Is it ‘science fiction’? No: Researchers want immune cells to find cancer and report back

Our immune cells are constantly circulating through our bodies, killing off cancer cells before they grow into something worrisome.

Now a consortium, including Yale University, underwritten by Facebook founder Mark Zuckerberg and his wife, Priscilla Chan, is focused on programming those cells to more efficiently prevent disease.

It’s the country’s third BioHub, following San Francisco and Chicago, and it will combine the scientific resources of Yale, Columbia and Rockefeller universities, financed by the Chan Zuckerberg Initiative.

“It sounds a bit science fiction when you first hear about it, but at the same time it’s also very grounded in solid science,” said John Tsang, Yale’s lead on the project and director of the Yale Center for Systems and Engineering Immunology.

Yale University

John Tsang of Yale University

“Immune cells are unique in that they go around your body, they are circulating, they go into tissues, they can detect issues in your tissues, for example, without us knowing,” Tsang said.

That includes cancer cells, he said.

“Typically we believe that our immune system is taking care of those for us already so they typically don’t grow out,” he said. “But the process of how that works, it’s not really well understood. We know that the immune cells are doing some of that, and the immune cells are also going around and sensing other things.”

The challenge for the scientists in the BioHub, which eventually will be a brick-and-mortar center in Manhattan, is how to use the immune cells “as a programming device,” Tsang said.

Andrea Califano, chairman of the Systems Biology Department at Columbia, leader of the New York BioHub, called the engineered immune cell a “cellular endoscope.”

“It will actually be not invasive at all,” he said. “It will be one of your own cells that has been changed a little bit to go to a particular organ and to detect whether there’s, for instance, a tumor that would be very easy to treat, if it were detected early but will be actually be very difficult or even impossible to treat if it’s caught later.”

Examples are pancreatic cancer and glioblastoma, which “are on the top hit list of what kills human beings.”

The plan is to “program the cells in a way that (they) can now go into your liver go in through a gut, and then they can be sensors of those issues and report back to us on what’s going on, and also potentially the cells can actually do something in those tissues as well … specifically to our liking,” Tsang said.

“We get tumors basically a million times a day,” Califano said. “The immune system just wipes them out before they’re harmful, but how do they wipe them out?
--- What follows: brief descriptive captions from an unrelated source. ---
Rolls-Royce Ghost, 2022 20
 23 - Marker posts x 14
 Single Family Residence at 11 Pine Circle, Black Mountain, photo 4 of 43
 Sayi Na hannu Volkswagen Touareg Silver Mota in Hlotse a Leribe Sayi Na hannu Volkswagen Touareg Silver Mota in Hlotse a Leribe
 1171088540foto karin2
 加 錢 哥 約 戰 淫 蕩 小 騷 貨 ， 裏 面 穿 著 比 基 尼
Because when cancers have mutations those mutations are not recognizing it as a cell that is part of your body so the tumor detects that and kills the cancer cell.”

But cancer cells also recruit nearby immune cells, which prevent other immune cells from attacking the tumor “so the tumor is very good at emitting signals that will recruit cells or reprogram cells that are now becoming immunosuppressive, he said. “They no longer allow the immune system to think the cancer is a bad thing, basically hiding behind a cape of invisibility.”

The BioHub team’s job is to program immune cells to recognize the signals sent out by the protective cells.

Some immune cells prefer to go into certain organs better than others, so Tsang wants to decode what he calls “cell trafficking.”

“And then once we understand that, then we can use that knowledge to engineer the cells,” he said. “For example, let them express certain types of genes that will then go into specific locations.”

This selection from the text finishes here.